House OKs Violence Against Women Act

By Edward Donga
BU News Service

WASHINGTON – By a 286-138 vote, the U.S. House voted Thursday to adopt legislation – authored by Senate Judiciary Committee Chairman Patrick Leahy, D-Vt. – to reauthorize the Violence Against Women Act. The measure now goes to President Obama, who vowed to sign it into law “as soon as it hits my desk.”

Passage of the legislation – which includes new protections for Native Americans and undocumented immigrants, as well as lesbian, bisexual and transgender women – ends a more than year-long standoff between the Democratic-controlled Senate and Republican-dominated House.

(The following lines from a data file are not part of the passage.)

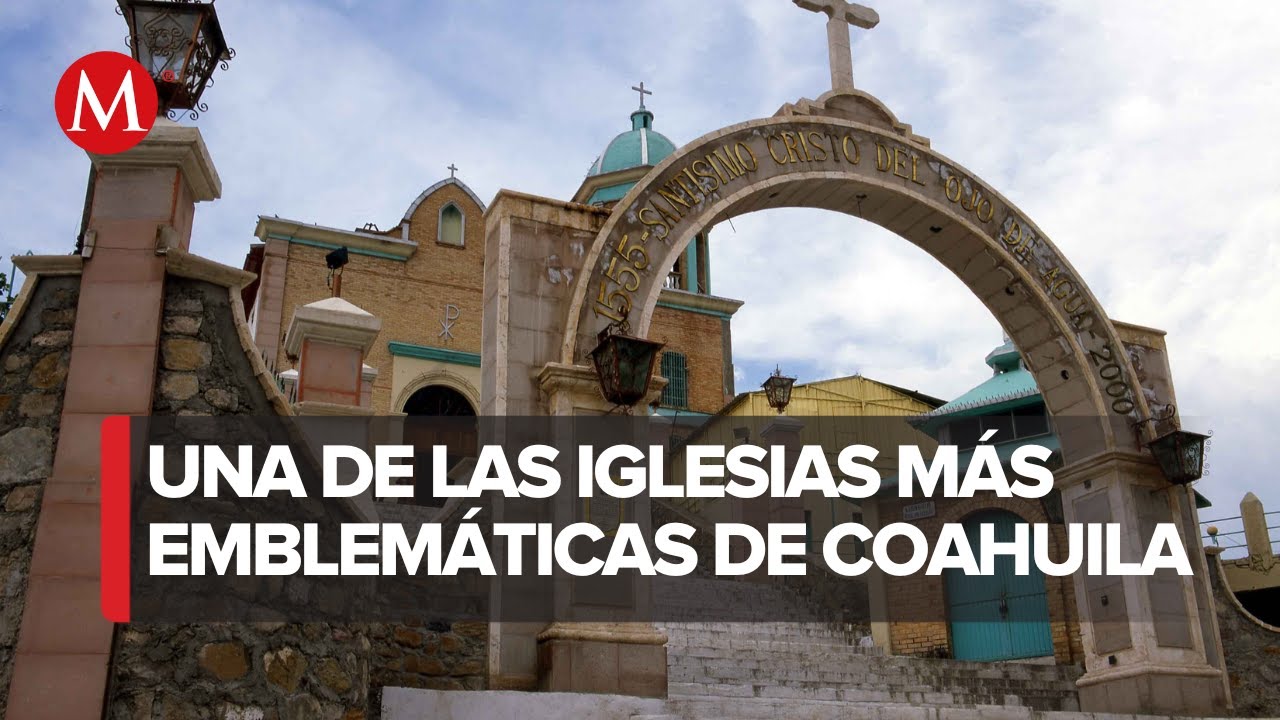 Conoce la Iglesia Santo Cristo del Ojo de Agua, la más emblemática de Saltillo, Coahuila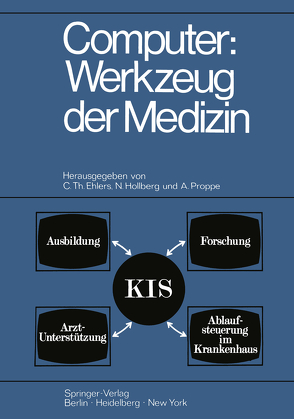 Computer: Werkzeug der Medizin von Ehlers,  C.Th., Hollberg,  N., Proppe,  A.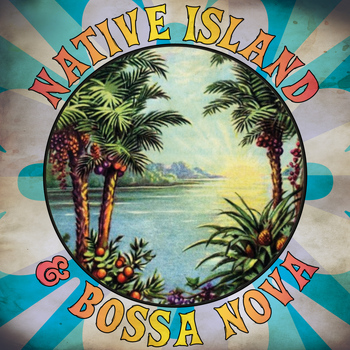 Various Artists - Native Island & Bossa Nova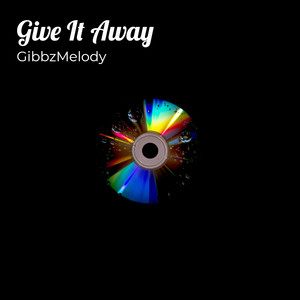 Give It Away (Explicit)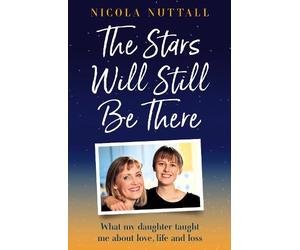 Nicola Nuttall The Stars Will Still Be There (Copertina rigida)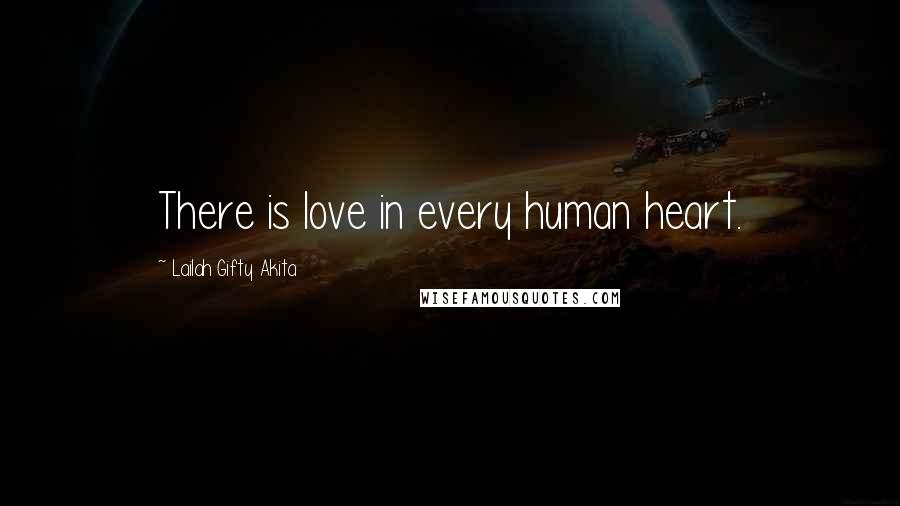 Lailah Gifty Akita Quotes: There is love in every human heart.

Thursday’s vote came on the heels of a letter earlier this week signed by Leahy and two of his Republican colleagues – Sens. Mike Crapo of Idaho and Lisa Murkowski of Alaska – that urged Speaker of the House John Boehner, R-Ohio, to allow the Senate legislation sponsored by Leahy to come to the House floor.

“As we worked on this bill, I heard the moving stories in hearings and rallies and meetings of those who survived true horrors and had the courage to share their stories in the hopes that others could be spared what they went through,” said Leahy in a statement following Thursday’s action. “We have finally come together to honor their courage and take the action they demanded.”

The Violence Against Women Act – VAWA — provides local communities with funding and resources to assist victims of domestic violence, and to take steps to prevent further instances of domestic violence from occurring. Vice President Joseph Biden, who sponsored the original VAWA legislation in 1994 when he was a senator from Delaware, said in a statement Thursday  that the United States has seen a 64 percent drop in domestic violence since then.

The law has been reauthorized twice since 1994 without political difficulty. But the latest reauthorization became gridlocked in 2011, when many House Republicans took issue with new provisions that expanded protections for same sex couples as well as illegal immigrants and Native Americans.

Last year, House Republican leaders were able to derail the legislation when they found that a provision allowing for an increased number of visas for illegal immigrants who had been victims of domestic violence would raise revenue. According to the Constitution, revenue-raising bills must originate in the House.

When the new Congress convened at the beginning of this year, Leahy reintroduced legislation to reauthorize VAWA. He modified the provision on illegal immigrants to drop the language on the increase in visas, in order to facilitate the bill’s passage.

The Leahy bill passed the Senate in early February by an overwhelming 78-22 bipartisan vote, but it remained unclear whether it could pass the House due to continuing opposition from many conservative Republicans there.

But others in the House GOP were clearly seeking to put the issue behind them — in the wake of an election in which their party had come up short among women and Latino voters, while being adversely affected by controversial comments about rape made by two Republican Senate candidates.

On Thursday, 87 Republicans joined all 199 Democrats present in voting for the Senate-passed bill sponsored by Leahy. But a majority of House Republicans – 138 – opposed it.

Earlier, a Republican-sponsored substitute measure that excluded the new protections for Native American, undocumented immigrant and LGBT victims of violence was defeated by a 257-166 vote. Voting in favor of that substitute was 164 Republicans and just two Democrats, while 60 Republicans joined 197 Democrats in voting against it.

“For over a year, House Republicans leaders displayed a willful, implacable but ultimately failed resistance to protecting LGBT, immigrant, and Native American women from domestic violence,” Rep. Peter Welch, D-Vt., said in a statement.. “I am pleased that a bipartisan majority of the House of Representatives has now affirmed what is plainly common sense: that violence is violence no matter what you look like or whom you love.”